Call in the robots. A San Antonio-based company called Xenex Disinfection Services has created a germ zapping robot.
And the University Health System in San Antonio plans to install three of the $125,000 devices and use them in patient rooms, critical care areas and operating rooms throughout University Hospital. It also plans to put one in the Cystic Fibrosis Clinic at the Robert B. Green Campus downtown, where patients are particularly vulnerable to infections.
Xenex’s robots are being used in more than 200 hospitals and health facilities nationwide including UCLA, Boston Children’s Hospital and UT MD Anderson Cancer Center.
“The Xenex room disinfection system uses a powerful, pulsed-xenon ultraviolet light to kill all sorts of infectious organisms,” according to a news release. “One study showed the treatment was 20 times more effective than scrubbing with traditional chemical cleansers.”
Typically, the device is rolled into a room after housekeeping staff finishes a thorough cleaning and sanitizing.

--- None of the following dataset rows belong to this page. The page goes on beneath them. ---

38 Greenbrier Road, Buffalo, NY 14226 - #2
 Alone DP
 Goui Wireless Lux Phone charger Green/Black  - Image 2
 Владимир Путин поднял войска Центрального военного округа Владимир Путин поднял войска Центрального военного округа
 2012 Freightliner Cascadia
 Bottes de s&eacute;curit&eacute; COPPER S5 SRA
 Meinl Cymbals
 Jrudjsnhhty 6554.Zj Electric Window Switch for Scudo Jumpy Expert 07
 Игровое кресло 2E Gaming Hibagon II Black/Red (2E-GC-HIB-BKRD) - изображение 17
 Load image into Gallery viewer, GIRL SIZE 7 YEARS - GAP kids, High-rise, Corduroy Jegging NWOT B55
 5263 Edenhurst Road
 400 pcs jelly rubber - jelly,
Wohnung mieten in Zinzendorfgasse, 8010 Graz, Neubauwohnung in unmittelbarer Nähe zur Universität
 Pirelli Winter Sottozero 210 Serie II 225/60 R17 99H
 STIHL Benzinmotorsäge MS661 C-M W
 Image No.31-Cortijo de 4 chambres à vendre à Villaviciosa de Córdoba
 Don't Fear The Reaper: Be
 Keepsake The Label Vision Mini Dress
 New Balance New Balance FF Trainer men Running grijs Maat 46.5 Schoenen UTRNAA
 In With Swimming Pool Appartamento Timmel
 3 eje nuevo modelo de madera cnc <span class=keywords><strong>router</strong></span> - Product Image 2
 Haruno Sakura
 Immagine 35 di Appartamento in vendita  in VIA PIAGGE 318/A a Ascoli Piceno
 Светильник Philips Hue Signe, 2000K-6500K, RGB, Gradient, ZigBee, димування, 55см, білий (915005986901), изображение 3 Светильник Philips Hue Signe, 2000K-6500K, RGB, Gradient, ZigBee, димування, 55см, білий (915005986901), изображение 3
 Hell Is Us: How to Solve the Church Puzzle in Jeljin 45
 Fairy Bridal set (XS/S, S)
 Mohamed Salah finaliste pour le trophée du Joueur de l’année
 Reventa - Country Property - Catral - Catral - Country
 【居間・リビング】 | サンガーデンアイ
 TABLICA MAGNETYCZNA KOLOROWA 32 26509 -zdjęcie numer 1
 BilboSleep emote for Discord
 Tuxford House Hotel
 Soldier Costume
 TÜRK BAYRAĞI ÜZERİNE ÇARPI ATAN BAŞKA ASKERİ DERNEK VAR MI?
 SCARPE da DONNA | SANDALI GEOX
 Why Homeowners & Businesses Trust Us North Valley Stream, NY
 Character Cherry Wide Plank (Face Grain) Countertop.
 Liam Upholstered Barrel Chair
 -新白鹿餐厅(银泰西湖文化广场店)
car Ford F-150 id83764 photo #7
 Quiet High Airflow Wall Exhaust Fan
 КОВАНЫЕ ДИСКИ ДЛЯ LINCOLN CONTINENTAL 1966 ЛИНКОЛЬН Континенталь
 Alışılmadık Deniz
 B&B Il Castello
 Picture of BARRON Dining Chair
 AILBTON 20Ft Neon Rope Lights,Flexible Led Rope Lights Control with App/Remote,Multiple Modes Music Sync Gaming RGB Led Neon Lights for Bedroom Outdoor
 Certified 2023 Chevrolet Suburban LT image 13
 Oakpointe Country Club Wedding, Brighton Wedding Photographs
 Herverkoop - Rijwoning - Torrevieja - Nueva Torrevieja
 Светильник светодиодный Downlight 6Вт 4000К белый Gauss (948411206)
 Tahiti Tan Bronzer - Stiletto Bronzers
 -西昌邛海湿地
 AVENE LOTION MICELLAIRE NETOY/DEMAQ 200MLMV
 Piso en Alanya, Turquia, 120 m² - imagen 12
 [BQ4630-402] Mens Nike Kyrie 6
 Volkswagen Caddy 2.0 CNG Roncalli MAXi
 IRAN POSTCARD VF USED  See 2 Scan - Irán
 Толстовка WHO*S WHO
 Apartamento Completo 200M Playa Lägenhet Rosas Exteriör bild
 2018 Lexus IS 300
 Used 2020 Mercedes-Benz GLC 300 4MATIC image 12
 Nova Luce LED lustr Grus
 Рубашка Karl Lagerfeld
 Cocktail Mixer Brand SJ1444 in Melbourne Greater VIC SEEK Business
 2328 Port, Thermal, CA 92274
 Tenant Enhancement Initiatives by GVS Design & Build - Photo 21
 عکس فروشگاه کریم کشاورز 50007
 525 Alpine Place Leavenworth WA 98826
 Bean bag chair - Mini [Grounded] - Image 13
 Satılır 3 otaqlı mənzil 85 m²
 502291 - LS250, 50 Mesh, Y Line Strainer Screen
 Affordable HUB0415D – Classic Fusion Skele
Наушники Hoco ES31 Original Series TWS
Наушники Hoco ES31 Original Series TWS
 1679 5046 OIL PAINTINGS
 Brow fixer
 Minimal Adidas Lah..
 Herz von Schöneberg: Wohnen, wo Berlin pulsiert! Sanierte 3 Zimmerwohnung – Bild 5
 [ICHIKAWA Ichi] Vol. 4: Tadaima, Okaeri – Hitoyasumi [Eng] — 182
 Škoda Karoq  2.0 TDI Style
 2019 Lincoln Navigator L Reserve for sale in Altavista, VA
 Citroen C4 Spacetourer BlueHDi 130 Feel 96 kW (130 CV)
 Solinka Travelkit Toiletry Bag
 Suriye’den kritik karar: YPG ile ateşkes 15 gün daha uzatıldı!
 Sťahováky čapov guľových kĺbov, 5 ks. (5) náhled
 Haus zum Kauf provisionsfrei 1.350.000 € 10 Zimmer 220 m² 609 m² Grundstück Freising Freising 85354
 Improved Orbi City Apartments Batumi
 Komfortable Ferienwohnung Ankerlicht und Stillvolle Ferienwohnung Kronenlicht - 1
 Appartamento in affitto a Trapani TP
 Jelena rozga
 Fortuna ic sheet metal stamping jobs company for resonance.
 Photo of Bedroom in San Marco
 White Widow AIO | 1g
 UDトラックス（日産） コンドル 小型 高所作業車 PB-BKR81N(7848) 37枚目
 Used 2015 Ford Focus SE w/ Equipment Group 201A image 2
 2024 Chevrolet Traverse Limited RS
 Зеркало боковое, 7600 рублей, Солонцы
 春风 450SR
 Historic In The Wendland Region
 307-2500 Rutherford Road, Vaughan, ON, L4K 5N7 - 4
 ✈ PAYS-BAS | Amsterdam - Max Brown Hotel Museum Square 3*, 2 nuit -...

The operator then programs the machine and clears the room. Up pops the saucer-shaped light source, and for five to 10 minutes the room is bathed in powerful pulses of UV light — 25,000 times more powerful than sunlight, and capable of killing such infectious threats as Clostridium difficile, norovirus and MRSA.
Two John Hopkins-trained epidemiologists developed the technology. In 2008, Morris Miller, an early investor in Rackspace, invested in the company, now called Xenex Disinfection Services. He also became its CEO and moved its headquarters and manufacturing operations from Austin to San Antonio.

Comments

  1. George Lichtblau says:

    Cost too much; Generates about 10% of the UV light that UVDI or Tru-D does. Cannot kill germs that are shadowed from the directly UV light.